WORK TO BE COMPLETED:
Write out the data word for word and drop any picture you find.

━━━ RECORDS SHOWN ━━━

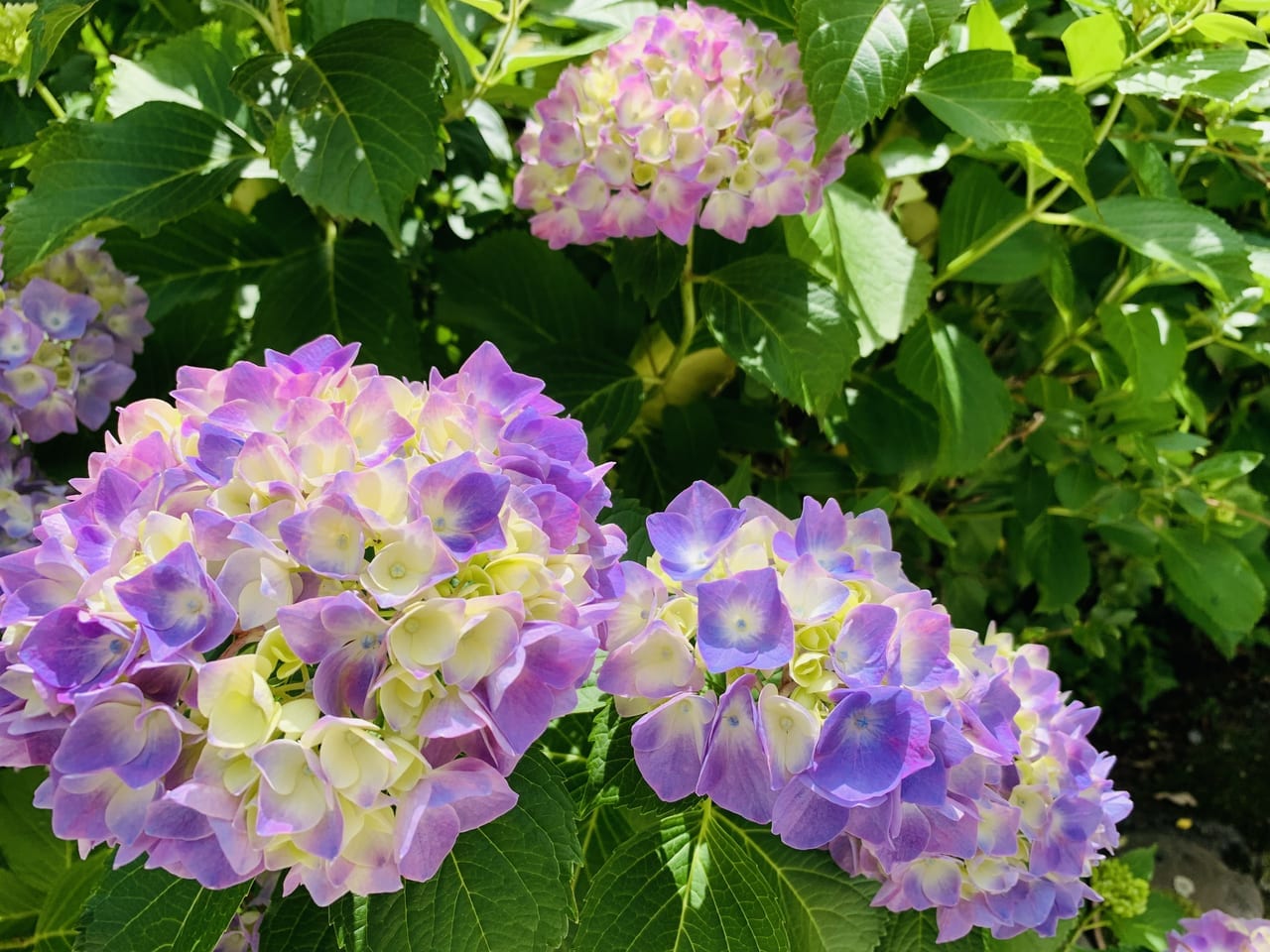 藤枝市の蓮華寺池公園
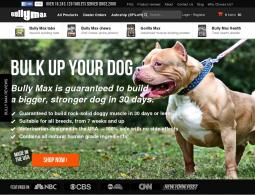 Bully Max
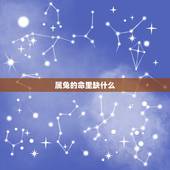 属兔的命里缺什么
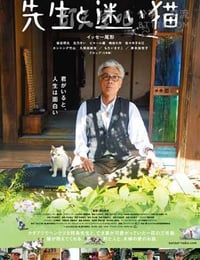 先生と迷い猫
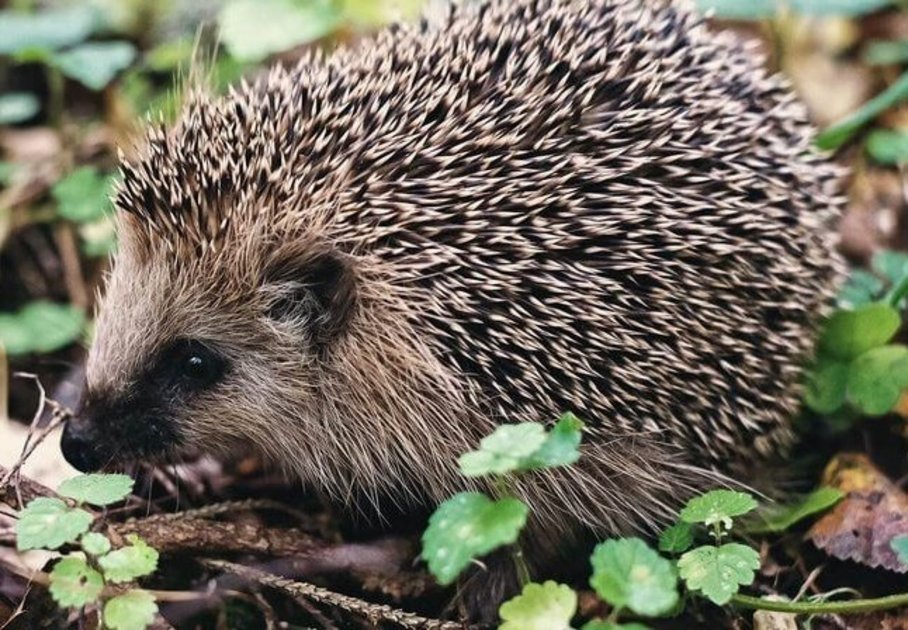 Igel auf Waldboden Foto pixabay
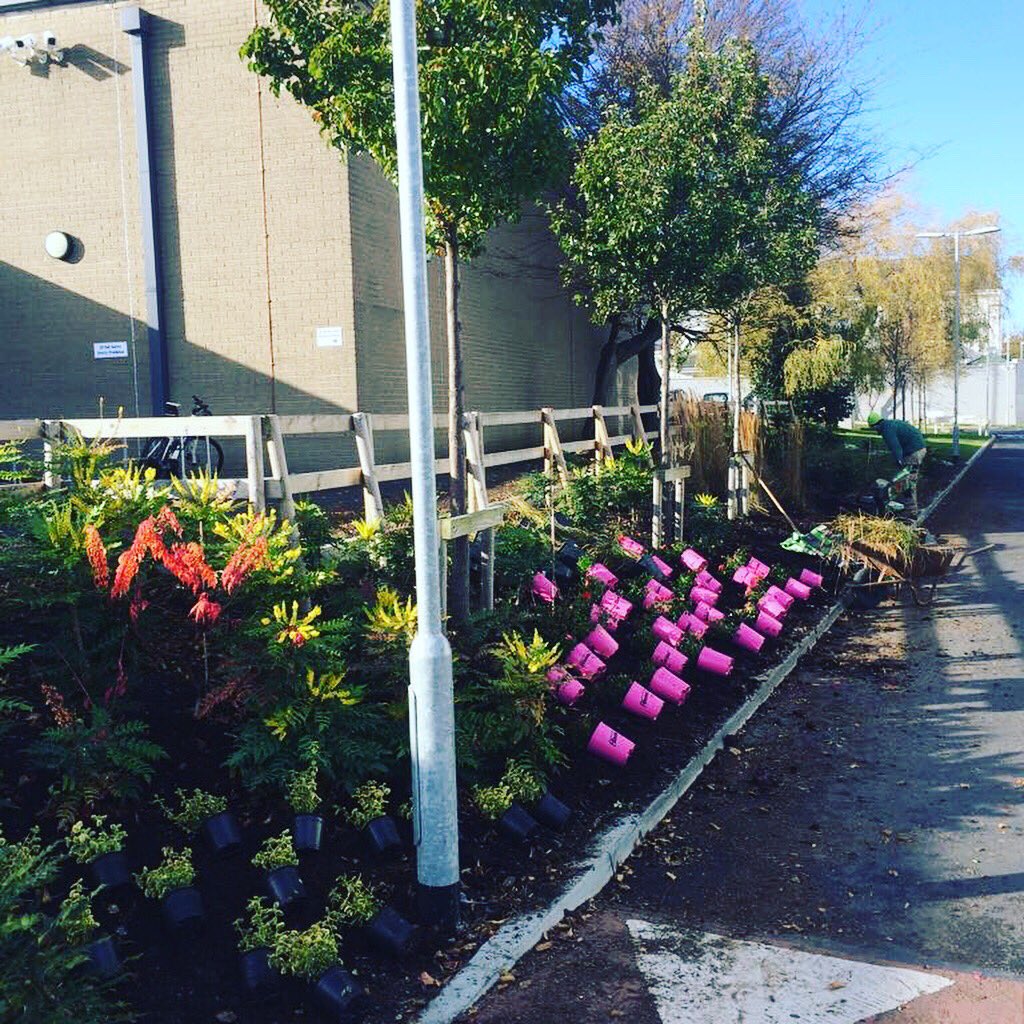 TimWeldon2's tweet photo. Some of our recent work where we were planting in @IENewparkSchool #RDGardens #school #commercial #maintenance #flowers #plants #Dublin #gardening https://t.co/ZoG9sAnefl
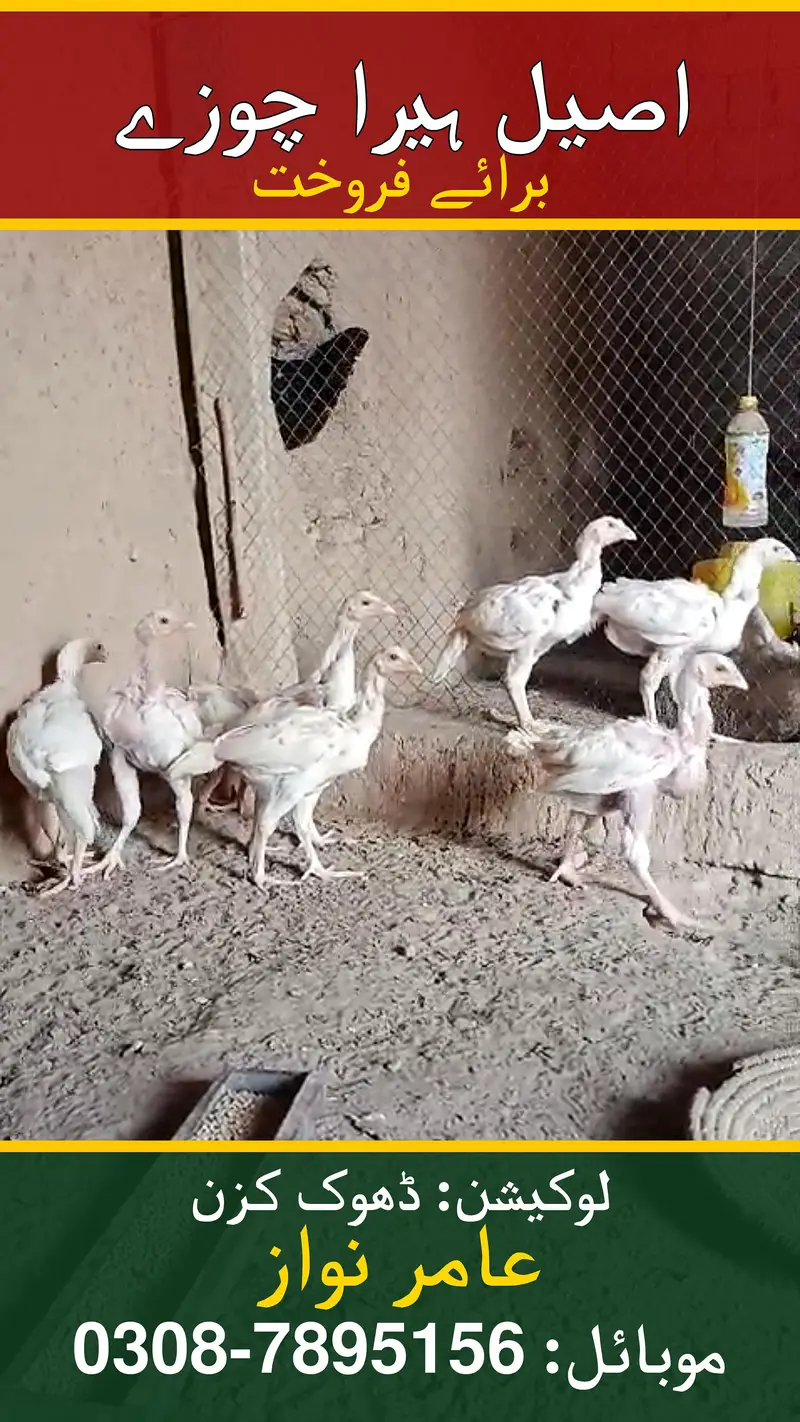 Mianwali White Heera Aseel — photo 3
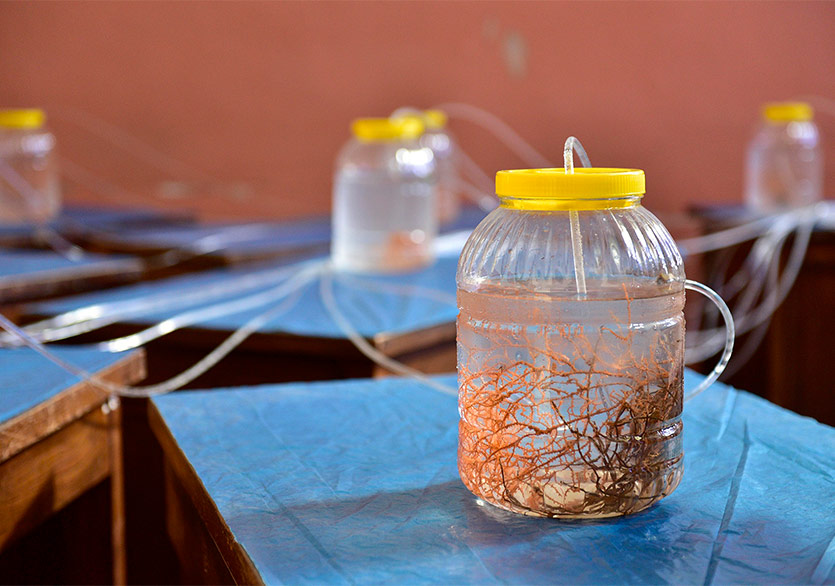 “Ateş Çağı” Sergisi Çankaya Çağdaş Sanatlar Merkezi’nde 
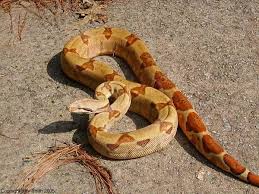 Animals Plants Of The Desert Biomes Of The World Desert Animals Desert Biome Desert Biome Plants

━━━

YOUR RESPONSE:
 藤枝市の蓮華寺池公園
 Bully Max
 属兔的命里缺什么
 先生と迷い猫
 Igel auf Waldboden Foto pixabay
 TimWeldon2's tweet photo. Some of our recent work where we were planting in @IENewparkSchool #RDGardens #school #commercial #maintenance #flowers #plants #Dublin #gardening https://t.co/ZoG9sAnefl
 Mianwali White Heera Aseel — photo 3
 “Ateş Çağı” Sergisi Çankaya Çağdaş Sanatlar Merkezi’nde 
 Animals Plants Of The Desert Biomes Of The World Desert Animals Desert Biome Desert Biome Plants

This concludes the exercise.